# TASK TO CARRY OUT
Find the line containing "Пазлы | 220.lv". Retype it and every later line of the records exactly, leaving out pictures.

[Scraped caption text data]
--- START ---

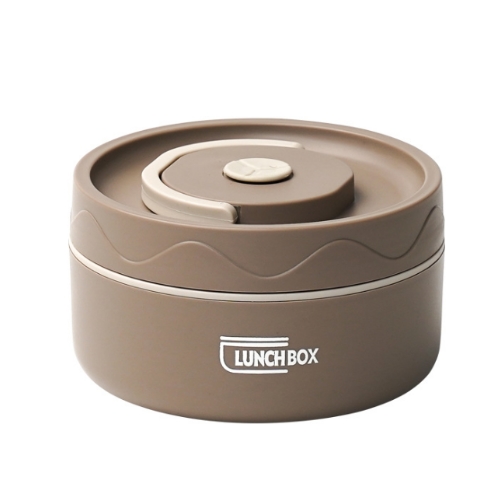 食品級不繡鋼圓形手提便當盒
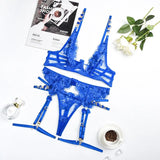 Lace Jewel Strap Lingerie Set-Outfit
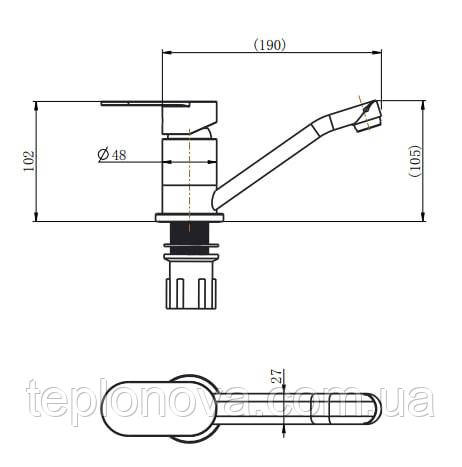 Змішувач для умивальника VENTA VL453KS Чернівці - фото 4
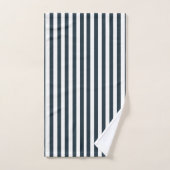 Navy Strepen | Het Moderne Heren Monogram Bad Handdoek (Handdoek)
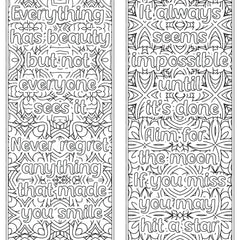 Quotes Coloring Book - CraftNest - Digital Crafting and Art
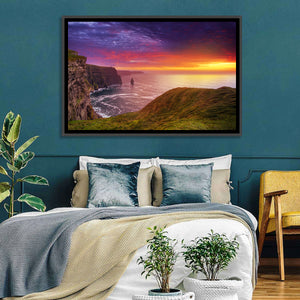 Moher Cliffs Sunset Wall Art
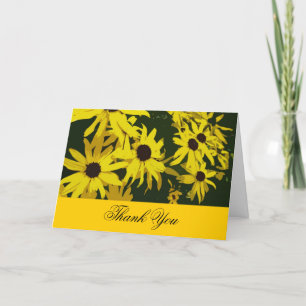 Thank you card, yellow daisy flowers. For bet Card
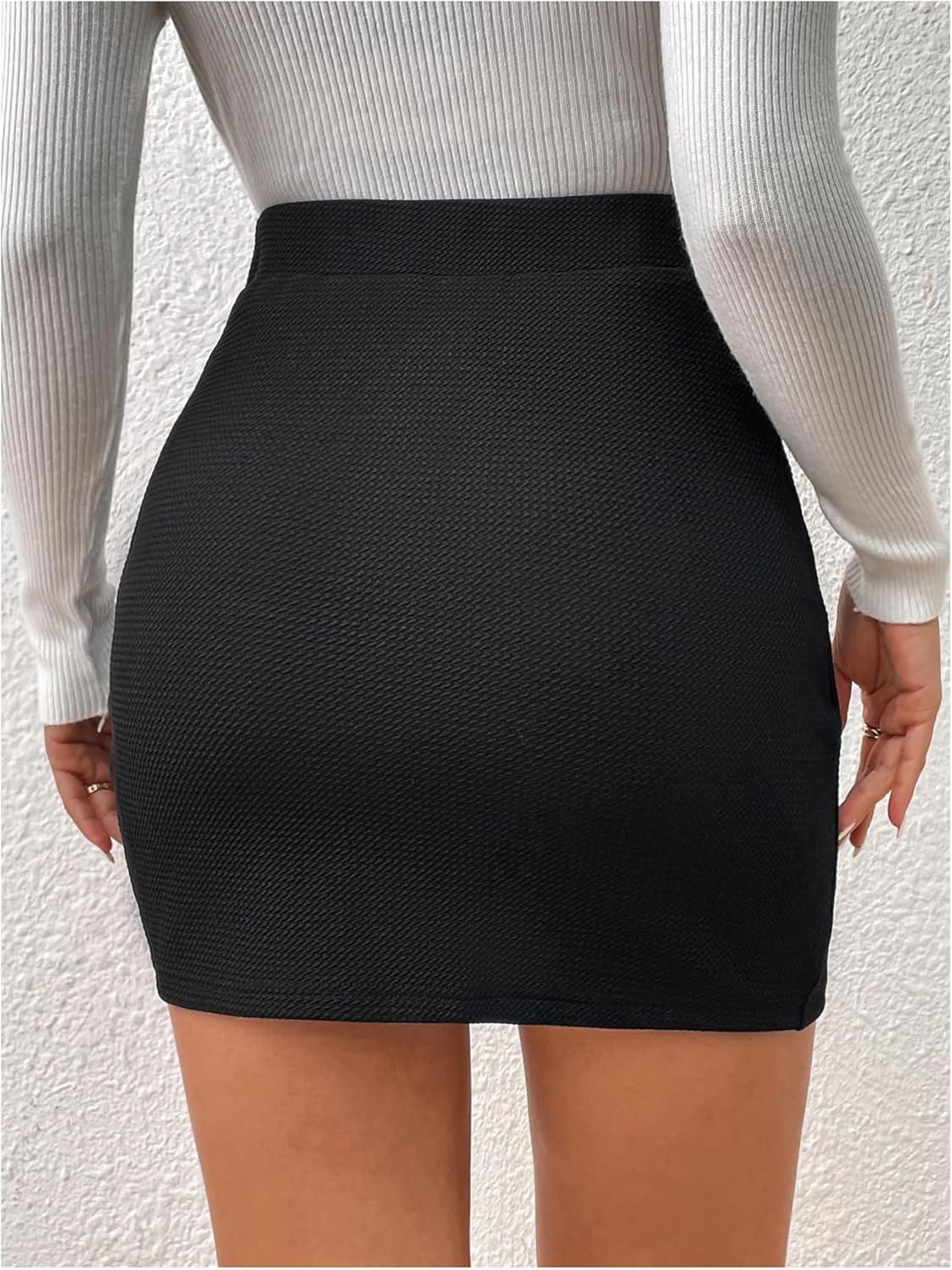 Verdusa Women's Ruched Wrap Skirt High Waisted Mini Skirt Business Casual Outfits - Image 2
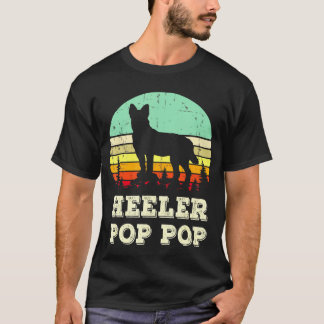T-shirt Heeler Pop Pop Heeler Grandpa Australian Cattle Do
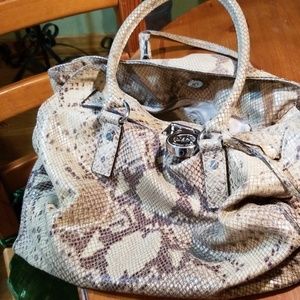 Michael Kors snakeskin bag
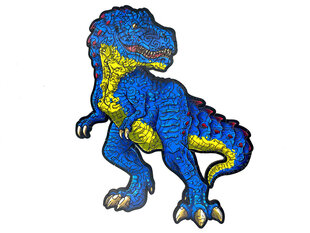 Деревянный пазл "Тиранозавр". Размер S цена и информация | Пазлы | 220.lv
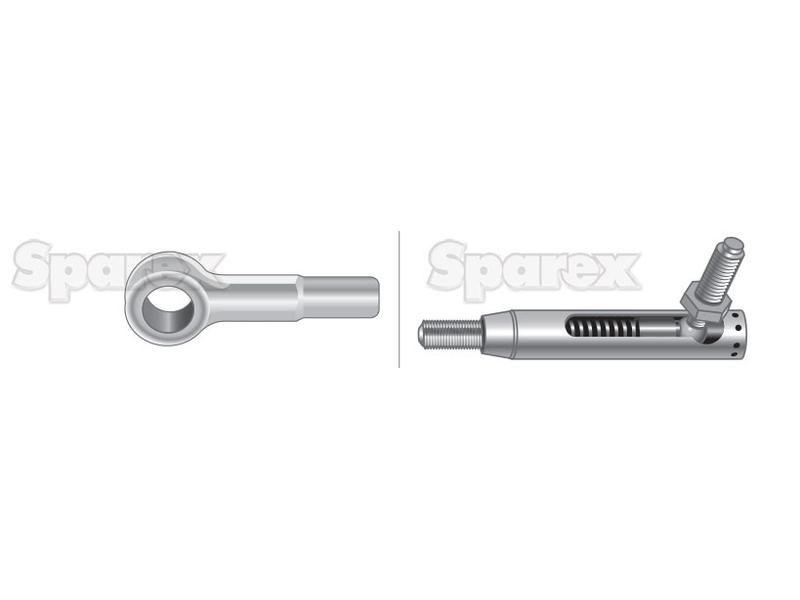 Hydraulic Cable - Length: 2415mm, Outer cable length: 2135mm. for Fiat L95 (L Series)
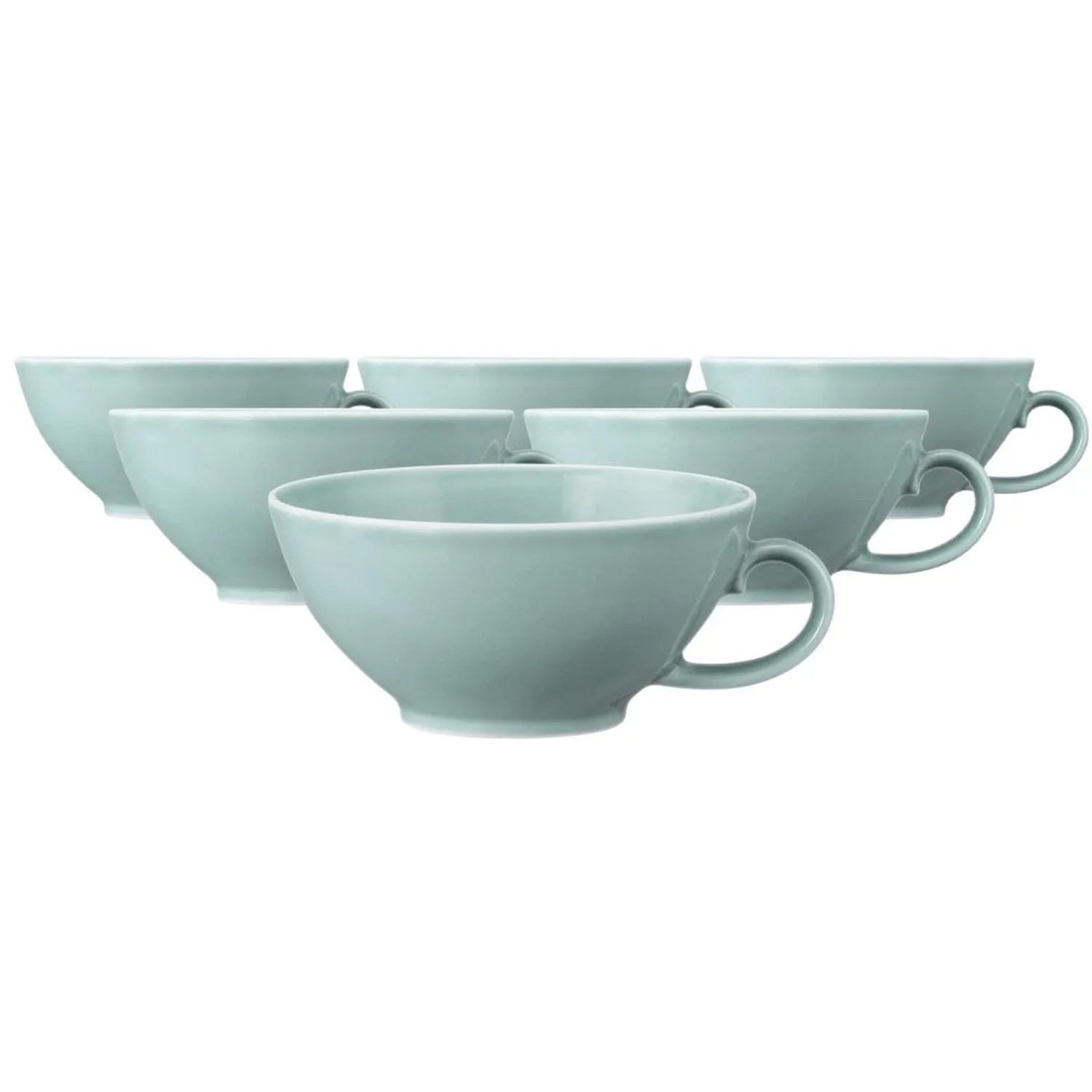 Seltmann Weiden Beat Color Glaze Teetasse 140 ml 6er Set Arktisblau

--- END ---

# TASK RESPONSE
 Деревянный пазл "Тиранозавр". Размер S цена и информация | Пазлы | 220.lv
 Hydraulic Cable - Length: 2415mm, Outer cable length: 2135mm. for Fiat L95 (L Series)
 Seltmann Weiden Beat Color Glaze Teetasse 140 ml 6er Set Arktisblau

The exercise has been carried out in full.